How can we reproduce your problem?

I have no idea.

What is the result that you get?

On my production server that runs a long-running command-line application with manually inserted traces, sometimes I get a warning

trace (14533373b) larger than payload limit (8000000b), dropping

What is the result that you expected?

The warning should hint

I am doing tested traces using OpenTracing API, so I suspect having a long-running parent trace might cause this.


As a workaround I just poke ddtrace internals directly:

import os
# Work around of the following warning/error:
# trace (14_533_373b) larger than payload limit (8000000b), dropping
# by setting tracer write buffer to 128M
# See ddtrace/internal/
# Note that ddtrace evalutes this during the import time,
# so make sure you put this code in before importing Datadog.
dd_trace_buffer_val = str(128_000_000)
os.environ["DD_TRACE_WRITER_BUFFER_SIZE_BYTES"] = dd_trace_buffer_val
os.environ["DD_TRACE_WRITER_MAX_PAYLOAD_SIZE_BYTES"] = dd_trace_buffer_val
miohtama commented 2 years ago

After doing this change, I am hitting another error

 failed to send traces to Datadog Agent at http://localhost:8126: HTTP error status 413, reason Request Entity Too Large
miohtama commented 2 years ago

I am now trying with partial flushes and lower sample rate if this would mitigate the issue

os.environ["DD_TRACER_PARTIAL_FLUSH_ENABLED"] = "true"
# We have a lot (millions) of SQL traces
# Trace only 10% of all
os.environ["DD_TRACE_SAMPLE_RATE"] = "0.1"
majorgreys commented 2 years ago

@miohtama The configuration options for enabling partial flushing are not documented as you describe.

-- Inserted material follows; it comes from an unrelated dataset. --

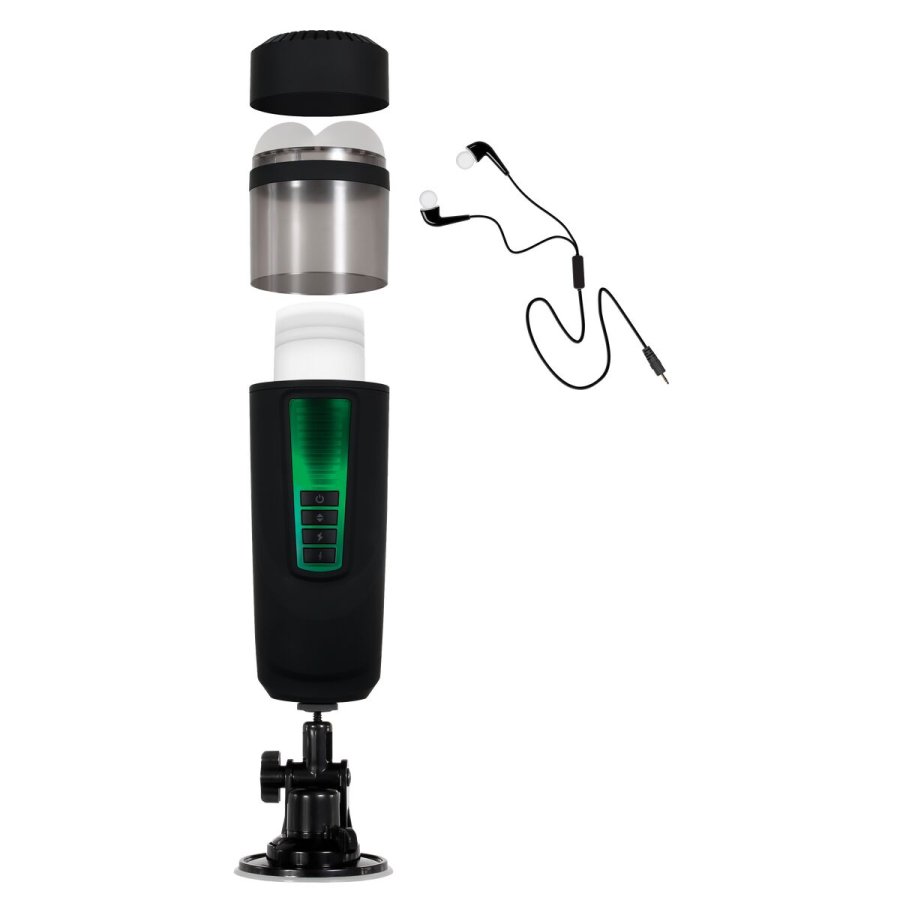 Masturbator Gender X #1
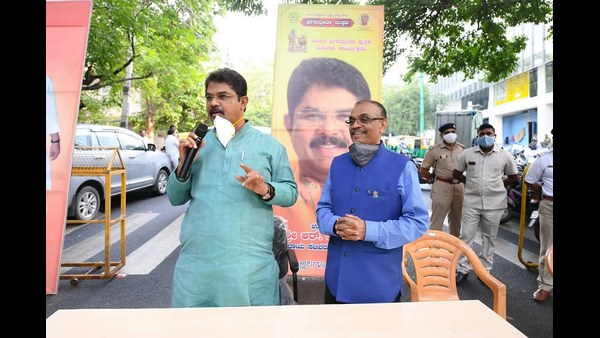 ಬೆಂಗಳೂರಿನಲ್ಲಿ ಮಾಸ್ಕ್ ದಂಡ: ಆರ್. ಅಶೋಕ್ ಎಚ್ಚರಿಕೆ!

I will correct this as a follow-up to your issue.

We offer the partial flush and payload size configuration options you found as mitigations at the moment.

For partial flushing, the minimum version requirements are ddtrace v1.1.1 and Datadog Agent v7.25.0.

For payload sizes, the Datadog Agent in v7.21.0 increased the maximum trace payload size from 10mb to 50mb.

I am very interested in your use case of a long-running command line program. Capturing all the work in the run of such a command as a single trace can be valuable. I wonder if you could share more on how you see this data being useful.

miohtama commented 2 years ago

Thank you for a prompt and informative reply. I indeed noticed still getting dropped more traces than accepted (dropped: 1, accepted: 0) with my example config and ddtrace 0.50.4.

I have upgraded to ddtrace to 1.2.0 and will see if partial flushes will get rid of my errors.

majorgreys commented 2 years ago

@miohtama Did enabling partial flushing resolve the problem for you?

miohtama commented 2 years ago

Hey yes. I managed to solve it with a partial flush. Eventually, I ended up using the following env var hack:

os.environ["DD_TRACER_PARTIAL_FLUSH_ENABLED"] = "true"
os.environ["DD_TRACE_SAMPLE_RATE"] = "0.1"   

Though I am facing another issue: nested ddtrace.opentracer.Tracer do not seem to work with Datadog the service. I did not yet have time to investigate why is this and if it is related to partial flushs.

emmettbutler commented 1 year ago

@miohtama if you're still having an issue with nested Tracer objects, please open a new issue describing the problem. Thanks again for the contribution!